これは軍事理論上ほぼ自明である。したがって、「抑止を目的としない」という立場と、「抑止そのものを否定する」という立場は区別されるべきである。

この区別が曖昧なまま「抑止は否定される」と語られると、 実際には限定的抑止を容認しているのか、それとも完全に否定しているのかが不明確になる。この点の曖昧さは、理論的整合性を弱める要因となる。

「軍事力なしの自衛」は成立するのか

外交・国際協調・経済関係の重要性は否定できない。実際、これらは戦争予防の不可欠な要素である。しかし問題は、それだけで自衛が成立するかという点である。現実の国際政治においては、 外交は相手の合理性を前提とする。そして、 国際協調は制度への参加を前提とする。

しかし、これらが機能しない状況――すなわち武力行使が現実に発生する局面――においては、最終的に物理的防衛能力が問われる。この点は、近年の戦争事例、とりわけロシアによるウクライナ侵攻が示している通りである。外交関係や経済関係が存在しても、武力行使は抑止されなかった。
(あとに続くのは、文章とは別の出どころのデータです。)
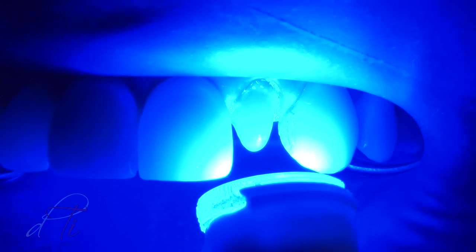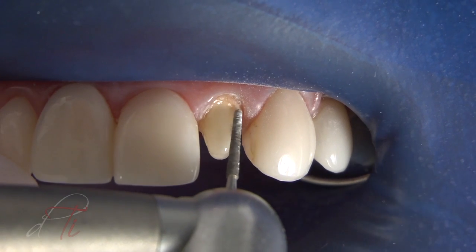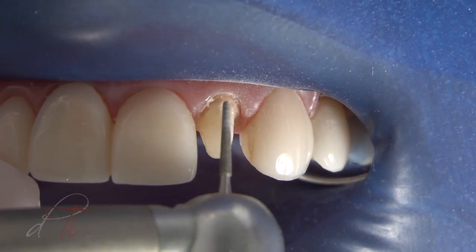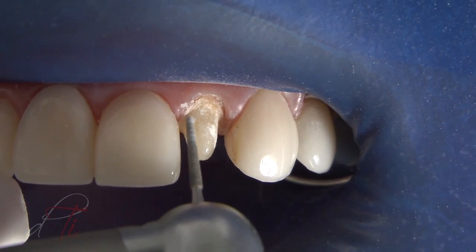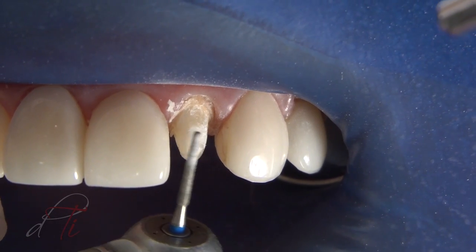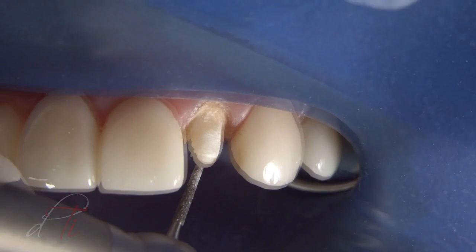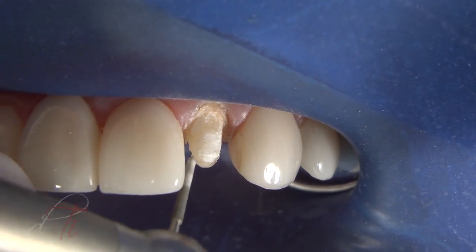Rebuilda DC is a dual-curing, radiopaque, fluoride-containing, flowable composite. The preparation is completed using a round-ended, tapered diamond burr — a 6850 by Brassler. The existing preparation was modified for an all-ceramic restoration with a circumferential chamfer margin. By achieving optimal geometric form during the sculpting stages, finishing of the composite is minimized, which can improve the physical and mechanical characteristics of the abutment.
したがって、「軍事力に依存しない自衛」を主張する場合には、 「武力行使が発生した場合にどう対処するのか」という具体的説明が不可欠となる。これが示されない限り、その主張は原理的には理解可能であっても、政策論としての説得力を持ち得ない。

最大の空白――防衛力水準の不提示

抑止力批判の最大の弱点はここにある。すなわち、どの程度の防衛力が必要なのかが示されていないという点である。安全保障政策として最低限必要なのは、例えば次のような具体性である。

• 防空能力はどの水準まで必要か
• ミサイル防衛を認めるのか
• 島嶼防衛のための部隊規模はどうするのか
• 自衛隊全体の規模・装備はどこまで許容するのか

これらに対する明確な基準が提示されない場合、議論は次の構造に陥る。「抑止は危険。軍拡は否定。しかし必要な防衛力は不明」この状態では、有権者の不安は解消されない。むしろ「防衛が空白になるのではないか」という疑念を生む可能性が高い。

現実の安全保障構造との乖離

現在の日本の安全保障は、多層的な抑止構造に依存している。

• 防空・島嶼防衛などの拒否的抑止
• 反撃能力による限定的懲罰的抑止
• 米国の核抑止(拡大抑止)

この構造を前提とする場合、懲罰的抑止の危険性を指摘すること自体は合理的である。
しかし同時に問われるべきは、

• 拒否的抑止をどこまで維持するのか
• 拡大抑止を放棄した場合の代替は何か

である。この問いに対する具体的回答が示されない限り、議論は現実の制度設計から乖離する。

結論――批判は成立するが、政策にはなっていない

以上を整理すると次の通りである。

• 懲罰的抑止への批判は一定の合理性を持つ
• しかし抑止一般の否定は概念的に不正確
• 「抑止の否定」と「抑止の非目的化」の区別が曖昧
• 軍事力を伴わない自衛の具体像が示されていない
• 防衛力の必要水準が提示されていない

したがって、この議論は「軍拡批判」としては成立するが、「安全保障政策」としては成立していないと評価せざるを得ない。

求められる最低限の再構成

もし抑止力批判を現実的な政策論に高めるのであれば、少なくとも次の三点が必要である。

  1. 懲罰的抑止と拒否的抑止の区別を明示する
  2. 必要最小限の防衛力の具体的水準を提示する
  3. 拡大抑止に代わる安全保障構想を示す

この条件を満たしてはじめて、抑止力批判は理念ではなく政策としての説得力を持つ。